NTR’S DECISION to hold off on two large solar energy projects in the US contributed to a write-down that led to the utility posting a €210 million loss in its last financial year, according to its chief executive.

The energy company reported recently that it lost €210.6 million in the 12 months to March 31st, its financial year, compared with a €22 million deficit in 2009.

The main contributor to the losses was a €147.9 million write-down in the value of a number of the utility’s assets, including its Greenstar waste management operation, and its solar power development business, whose value it cut by €96 million.

NTR plans to build two solar energy plants in Imperial Valley and the Mojave Desert in California that will have the capacity to generate up to 1,300 megawatts, three times that of an average-sized gas-fired power station.

But the projects would require an investment of €2 billion and the company decided to hold off until economic conditions and capital markets’ appetites for such investments improved.

Management explained to shareholders at the company’s annual general meeting (agm) in Dublin yesterday that its assets were valued according to their potential to generate revenues.

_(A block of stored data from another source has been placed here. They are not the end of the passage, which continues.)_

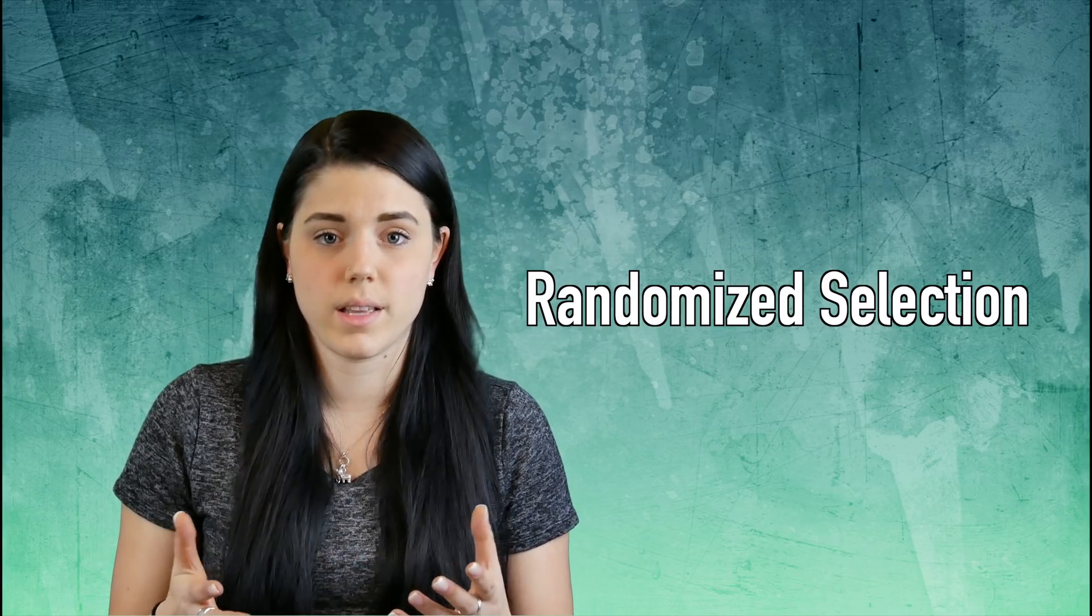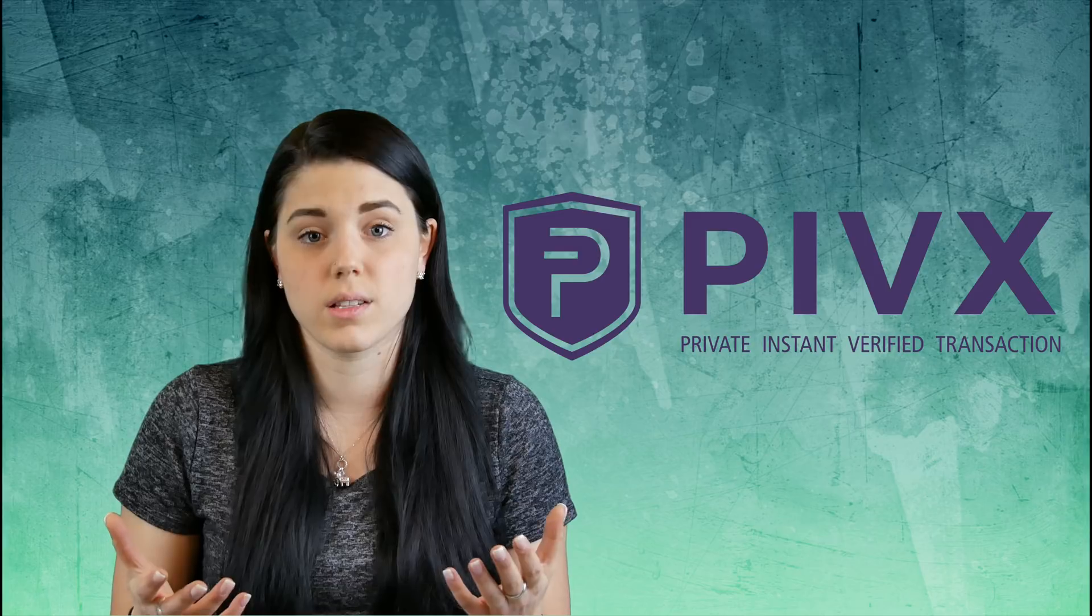I want to touch on a little bit more detail of the proof-of-stake system. There's two kinds of reward systems. One is randomized and a coin that uses the randomized consensus system is PIVX. Basically this means the nodes that are receiving the rewards are randomized. This makes it more balanced and more fair for the community.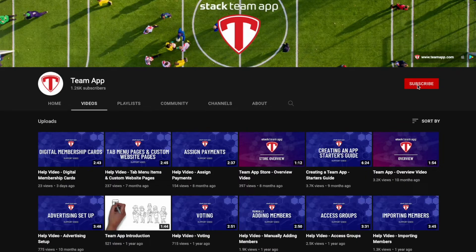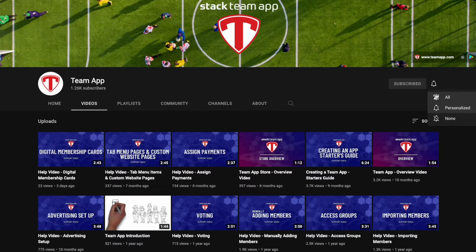Please, once you've watched this video, give it a thumbs up, subscribe to our YouTube channel, and hit the bell icon so you get notified when we upload new videos.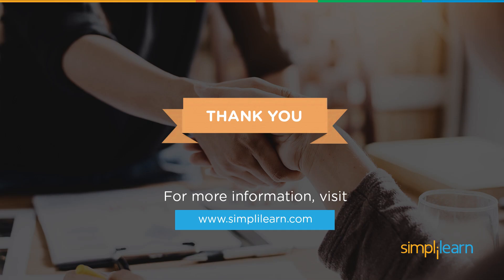With this, we've reached the end of the video. In our upcoming video, you'll learn more about props and how they're used. So watch out for that. Until then, keep learning and stay tuned to simply learn.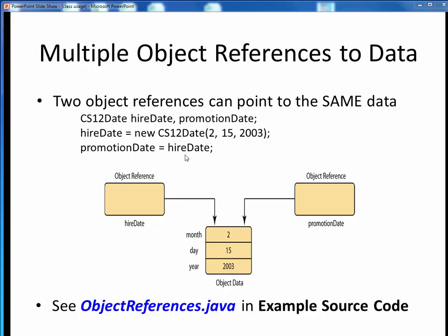Then by assigning hire date to the other object reference promotion date, we are simply having that other object point to the same data in memory. If any of these values change, both of these objects will see the change. We have two objects pointing to the same underlying data in memory. This distinction between an object reference and the actual object data is important only so that you can understand what's going on under the hood in memory. From an application programming standpoint, all we care about is that we have these two CS12Date objects that we can refer to by these names and that somehow they contain this date data.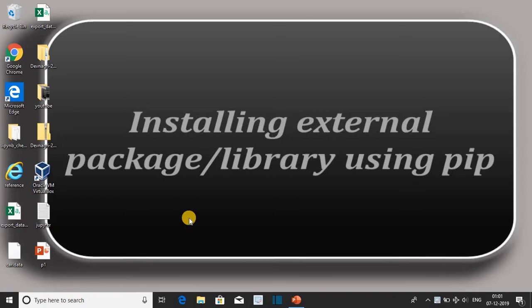We are installing external library OpenCV using pip. First, open Jupyter Notebook.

As construction of the solar energy plants has been held up, this has hit its value.

Chief executive Jim Barry said that the company believed it had to reflect the impact on the value of the assets in its accounts.

NTR is largely focused on waste management through Greenstar and various US-based energy businesses, including Stirling Energy Systems and Tessera – which are solar power developers – biofuel producer Green Plains and Wind Capital Group.

Missouri-based Wind Capital recently spent $340 million developing a wind farm that is now up and running. Mr Barry said that it was providing power to about 50,000 homes.

NTR is a public limited company, but its shares are not listed and are traded on the grey market.

Mr Barry said that the group was looking at a “liquidity event” over the next few years, which could involve a total or partial flotation, although he said no decision had been made yet.

The Roche family and the Philip Lynch-led investment vehicle, One51, which is focused mainly on energy and utilities, hold about 70 per cent of the shares.

Its price has fallen by just under 50 per cent to €1 from €1.95 over the last three months. Mr Barry said yesterday that part of the reason for this was a lack of liquidity, which means that just a small number of its shares are traded, with the result that dealings have an exaggerated impact on the price.

A full or partial flotation would be likely to boost liquidity and bring in more shareholders.